12.         I have some sympathy with the position in which the First-tier Tribunal Judge found himself as all he had before him were the papers and he did not have the benefit of oral submissions or any other additional documents that might have been provided had the Appellant instructed solicitors. Having said that there are two specific factors which of themselves constitute material errors of law. Firstly the judge has failed to spot that removal directions have been issued by the Secretary of State. He has dismissed the appeal without even giving due reference to it. He should have done and that is a material error of law. Certainly it would have been appropriate for him to set aside the removal directions in the present circumstances. Secondly following Alarape it is incumbent for a First-tier Tribunal Judge to address whether or not an Appellant was entitled to an EU right of residence under Article 12 of Regulation 1612/68 and such circumstances in law apply in this case and it would have been appropriate for the judge to have looked at this on his own motion and his failure to do so amounts to a material error of law.

Findings on Remaking of the Decision

13.         It is appropriate therefore to look at the factors in this appeal as at today’s date. Mr Harrison advises he has no further representations to make. It is accepted by the Secretary of State in the Notice of Refusal that the Appellant’s husband was exercising treaty rights and that he has been in employment since 2011. A bundle of documents was before the First-tier Tribunal Judge including wage slips and contracts of employment.
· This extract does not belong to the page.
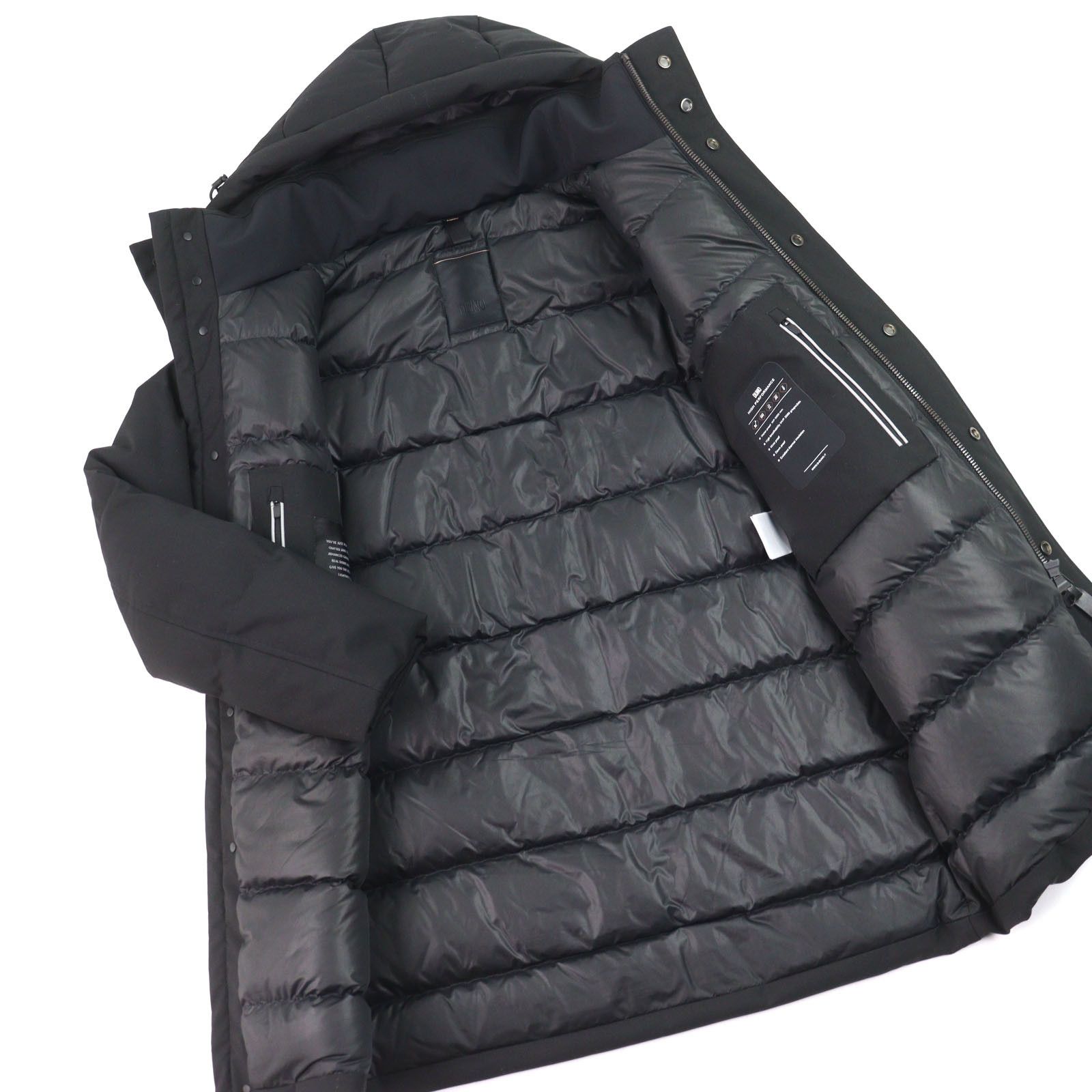 Other Other DUNO GEYSER P PARMA Down Coat Others Outerwear 2209-GEYSP12 Size ONE SIZE - 3 Thumbnail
The judge had the benefit of a statement of the main terms of employment that the Appellant’s husband Mr Schestowitz held with Sirius Corporation Limited, wage slips showing clearly that there would be no recourse to public funds by the Appellant and a letter from Sirius confirming that the Appellant’s husband is a permanent full-time member of staff and has been employed with the company since 24th February 2011.

14.         All the Appellant needs to show is that at the present time Dr Schestowitz is exercising treaty rights. He is employed as a support engineer by Sirius. He is exercising treaty rights and documentation is available to show this. In such circumstances the Appellant’s appeal is allowed under the Immigration (European Economic Area) Regulations 2006.

Decision

15.         The decision of the First-tier Tribunal contained a material error of law and is set aside. The decision is remade allowing the appeal of the Appellant under the Immigration (European Economic Area) Regulations 2006.

16.         The First-tier Tribunal did not make an order pursuant to Rule 45(4)(i) of the Asylum and Immigration Tribunal (Procedure) Rules 2005. No application is made to vary that order and none is made.